When Druid Lord first hit the scene around 2010 with quite a few releases in only a span of like three years, it was expected that the guys would keep up this steep working pace and become one of those bands that kept on releasing EP’s like it is nothing. Much like a few other bands from that same period of time, like Coffins, Anatomia and Decrepitaph. None of that seemed to be the case, because after the 2013 ‘Baron Blood’ 7” EP (on the recently resurrected Doomentia Records), they slowed down quite a lot. In fact it took the band until 2017 to come up with their second full-length and the next releases were both in 2022. Coincidentally or not, this year’s first release was a split 7″ with Anatomia and now they are ready to spawn their third full-length record, again through Hells Headbangers.
About that decade ago I was quite charmed by these Americans’ take on the Death/Doom genre with a tasty Old School sound and a good sense for classic horror themes. But as the years passed, I grew to the idea that my initial enthusiasm on the band was more based on the overall hype for the Old School Death Metal that was buzzing around in the scene. There were so many great bands and labels that were releasing the one classic after another. But in hindsight, not all of those classics actually stood the test of time that well or can be seen as (new) genre classics.
One of the bands that kind of fell through to me is Druid Lord. Though by no means a bad band or whatsoever, but it certainly has not that much of greatness going. Of course, there are a lot of smooth and tasty chugging riffs and grooves. But when the music is really well dissected, there isn’t really much left. The tempo is usually low to mid-tempo at its fastest, so it loses dynamics and the songs threaten to sound very similar and become quite interchangeable. That is also the case on this new, third album. There are definitely times when it’s hard not to nod your head to the tempo, but when the album is over there’s nothing I can really mention that really left an impression. However, it doesn’t have a bad aftertaste, it’s just not very great. Musically nothing has changed compared to the previous recordings that is really worth mentioning, despite the many years that have passed between them. The atmosphere is still brought by the slow and slightly dissonant guitar and keyboards and is still the same: doomy but never really scary or impressive. My last comment concerns the vocals, which are neither powerful nor deep and just as little convincing as the rest of the music on offer.

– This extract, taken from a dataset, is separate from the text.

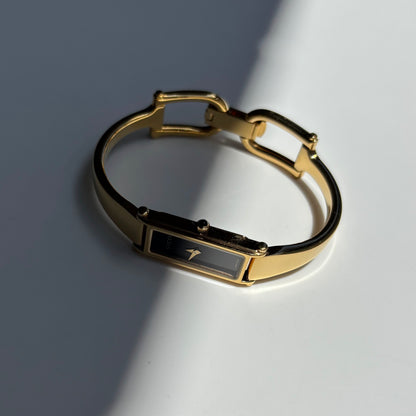 Gucci 1990s Black Rectangular Dial Gold Plated Bangle Watch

I am quite sure, though, that a lot of people will just scoop this up like anything else the band did before. Which I kind of understand, because Druid Lord uses all the right ingredients but in the end it just doesn’t seem to stick. I am quite sure that such a split EP as the one released earlier this year, might just work a little better because of the short and more powerful character of the format. This third album is just doing very little and that is, frankly, just a pity.